### Required action
From the material below, please set down exactly the lines starting with the one with "IMPIDA takes care" and going on through the one with "Wearing my mask", without a single picture.

### Information supplied
•••••

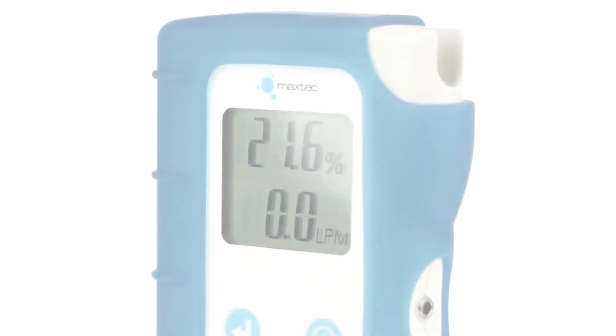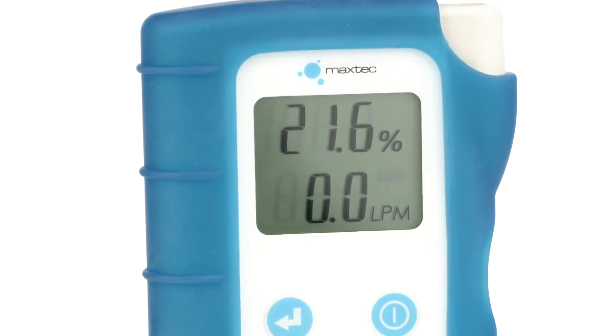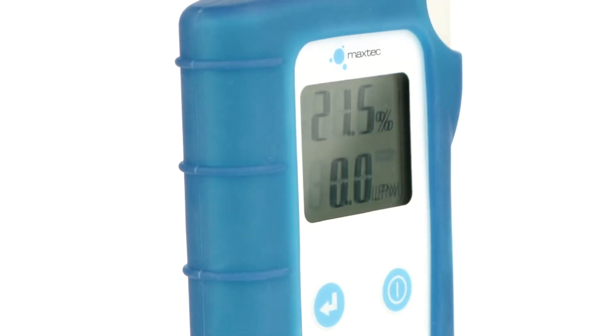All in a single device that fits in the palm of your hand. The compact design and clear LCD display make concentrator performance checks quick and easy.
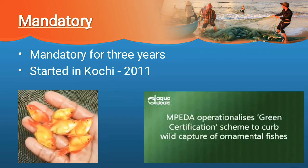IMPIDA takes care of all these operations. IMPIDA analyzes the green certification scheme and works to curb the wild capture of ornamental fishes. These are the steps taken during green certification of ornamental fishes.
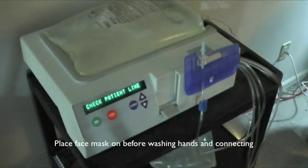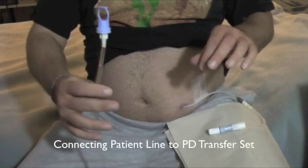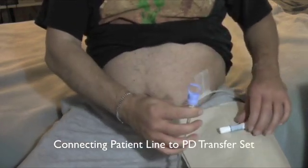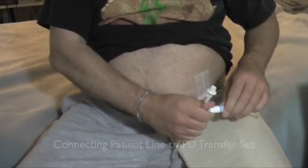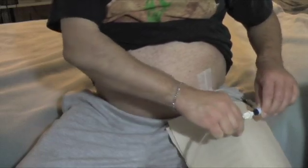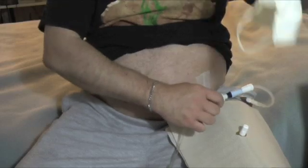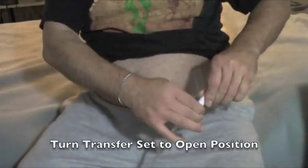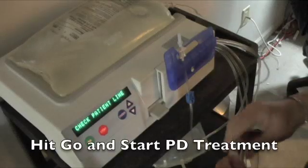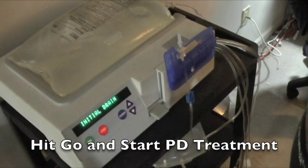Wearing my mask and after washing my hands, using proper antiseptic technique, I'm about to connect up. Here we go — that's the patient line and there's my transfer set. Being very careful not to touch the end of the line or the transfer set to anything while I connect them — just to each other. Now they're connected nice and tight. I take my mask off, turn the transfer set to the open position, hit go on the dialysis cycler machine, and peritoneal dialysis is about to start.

•••••

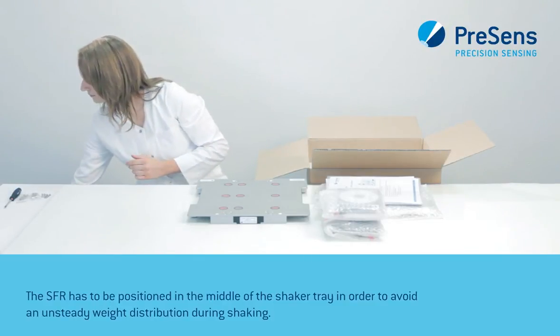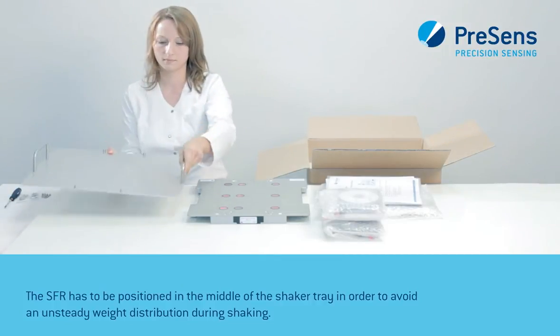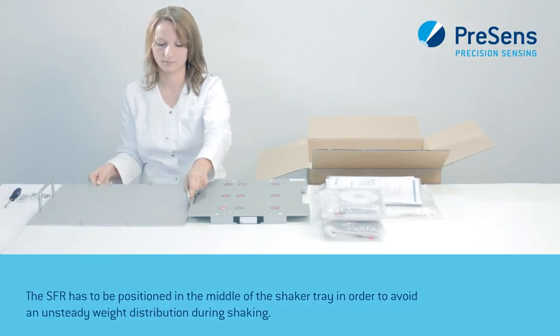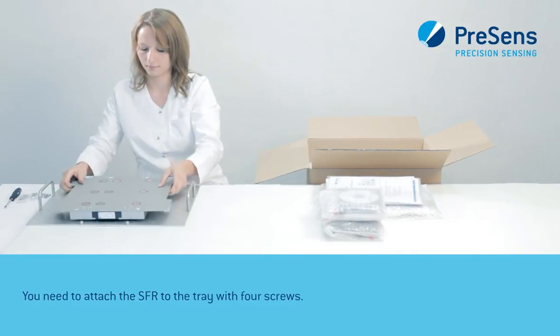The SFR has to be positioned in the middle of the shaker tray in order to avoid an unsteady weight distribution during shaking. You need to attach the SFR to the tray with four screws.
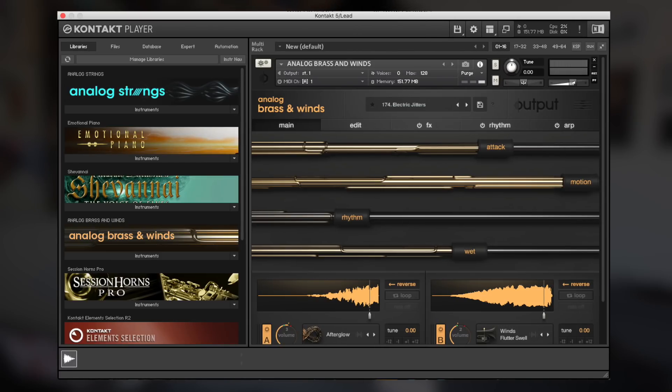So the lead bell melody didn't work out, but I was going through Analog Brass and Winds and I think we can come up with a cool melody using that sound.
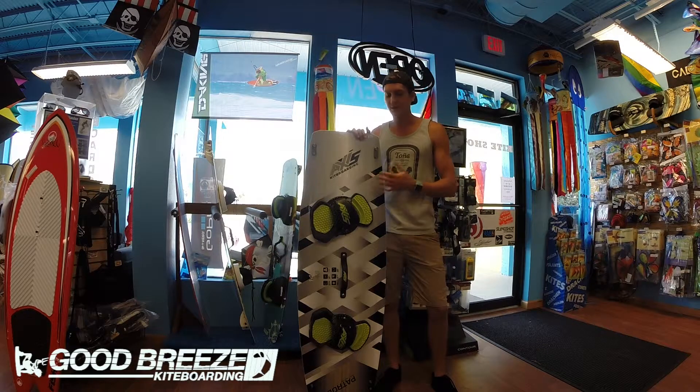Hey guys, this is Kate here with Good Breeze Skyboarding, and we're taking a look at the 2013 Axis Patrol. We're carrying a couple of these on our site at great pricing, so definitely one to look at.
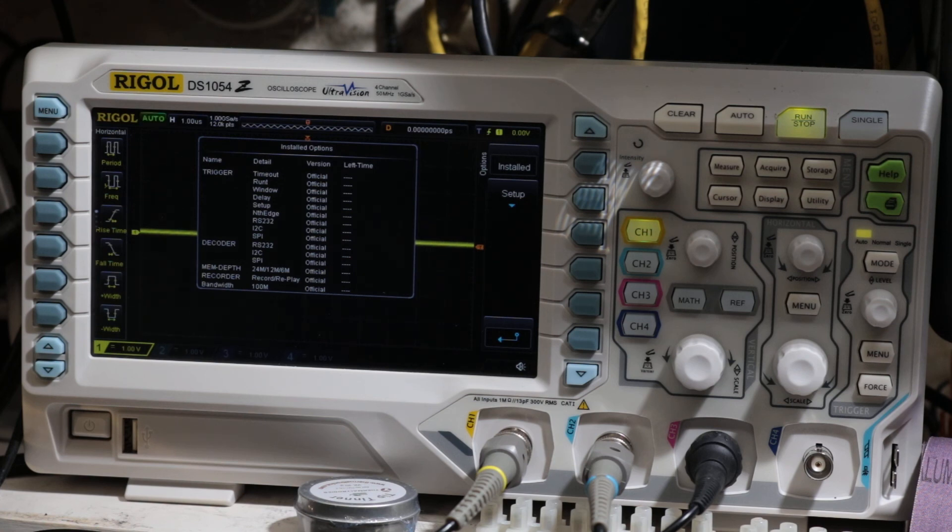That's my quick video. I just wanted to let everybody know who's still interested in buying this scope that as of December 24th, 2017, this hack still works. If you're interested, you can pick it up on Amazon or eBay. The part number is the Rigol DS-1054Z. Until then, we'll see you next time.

•••••

### Output of the exercise
IMPIDA takes care of all these operations. IMPIDA analyzes the green certification scheme and works to curb the wild capture of ornamental fishes. These are the steps taken during green certification of ornamental fishes.
Wearing my mask and after washing my hands, using proper antiseptic technique, I'm about to connect up. Here we go — that's the patient line and there's my transfer set. Being very careful not to touch the end of the line or the transfer set to anything while I connect them — just to each other. Now they're connected nice and tight. I take my mask off, turn the transfer set to the open position, hit go on the dialysis cycler machine, and peritoneal dialysis is about to start.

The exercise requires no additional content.